O desapego pelas coisas não é necessariamente uma linha de defesa, por vezes as preocupações com os nossos, principalmente quando começam muito cedo na vida deles (e portanto na nossa) também levam a criar linhas de defesa bem sólidas pois tudo o resto, em especial os “bens materiais” (de que casas e objectos são um bom exemplo) passa a ser razoavelmente secundário.
Também comecei a relativizar tudo muito cedo na vida e os últimos anos só trouxeram boas razões para confirmar que essa foi a melhor escolha.
É que este também é “o meu tempo”, filhos entradotes e empreendedores e netos todos eles adultos a estudarem e a trabalharem em “part-time” (opção deles, a tal “cultura” familiar) pedem opiniões que depois umas vezes seguem outras vezes não, é o mundo em que eles vivem e irão continuar a viver que tenho que conhecer e acompanhar a toda a hora, para os ajudar quando a qualquer momento me “consultam”, é esse o meu mundo hoje.
Eu vivi ao longo da vida em 8 casas, fiquei assim um pouco atrás das 13 casas de que Leonor Xavier nos falou no seu livro “Casas contadas”.
Não me dizem nada as casas, dizem-me as pessoas com quem lá vivi e já não estão cá fisicamente, de quem todos os dias me lembro, muitas vezes e todos os dias me vêm à memória nas situações mais ou menos banais do dia-a-dia.
Passo todas as semanas a pé pela casa onde vivi até aos 24 anos (agora é um escritório), passei a caminho do trabalho durante 10 anos à porta da casa onde vivi até aos 12 anos (já era nessa altura um jardim infantil).
E nunca voltei a entrar por minha iniciativa numa empresa onde tenha trabalhado, tipo aquelas “visitas” de que vivem e sobrevivem muitos conhecidos meus com pouca ocupação, só lá ia para reuniões de trabalho.
PS- Filhos entradotes são filhos que nos dizem o que um deles me disse anteontem, a saber “Já há muito que deixei de ligar ao Natal, talvez quando um ano destes fôr avô…”.
Flor
Isso não se faz.
Como fui fazer uns bons quilómetros com o desgraçado do carrito que pouco anda, aproveitando o facto de hoje a cidade ter menos transito que a um domingo e a A1 estar vazia até Alverca (e no regresso), acabei por almoçar mais tarde.
E chego aqui e já estou com fome outra vez com a sua descrição do pastel.
É que depois associo ideias e o barro negro leva-me inevitavelmente à chanfana e a chanfana leva-me não menos inevitavelmente a salivar, um dramalhão como vê.
Conclusão: nunca mais é hora de jantar, vou ter que lanchar.
Manuel Campos
Imagine eu quando fui "chez Google" procurar o que era Covilhete e deparo-me com uma bela travessa cheia de covilhetes todas a rirem para mim ?!?! Que dor :) :)
Off-topic
Acabo de ler aí online que ainda não se sabe se a criança que faleceu foi devido a "uma intoxicação por uma bateria".
Uma "bateria" (sic).
Flor
Pois já percebi que ainda ficou muito pior do que eu fiquei.
Tem toda a minha solidariedade, ainda que de pouco adiante é o que há...
Apercebi-me agora, ao ler o seu texto, que é também isso que eu penso.
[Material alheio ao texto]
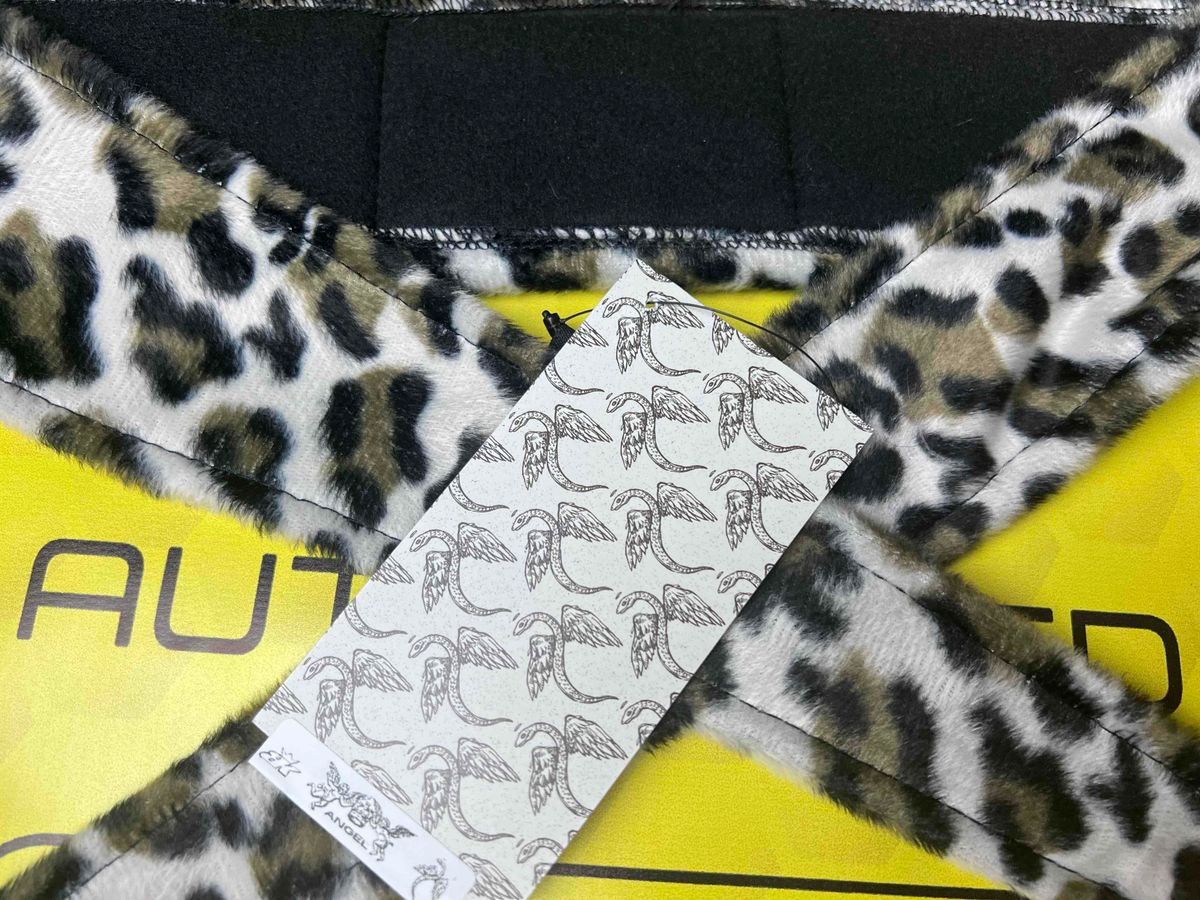 Angel X Bunkerking Headbands - $50 each Black Friday promo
Numa nota à parte, acho curioso que depois de tantos anos em Lisboa ainda diga "fino" e não imperial. Já agora, também prefere Superbock a Sagres?
Essa baboseira do "meu tempo" arrepelha-me os pêlos todos, especialmente quando ouço à malta da minha idade.
Adoro recordar, agora a ideia do "ai quem me dera ter outra vez 20 anos (ou outra idade qualquer)", nem me passa pela cabeça.
Eu receio que as pessoas de mais idade referirem que no tempo delas há 50 anos é que era bom devem ter tido ao longo dos anos uma vida bem triste.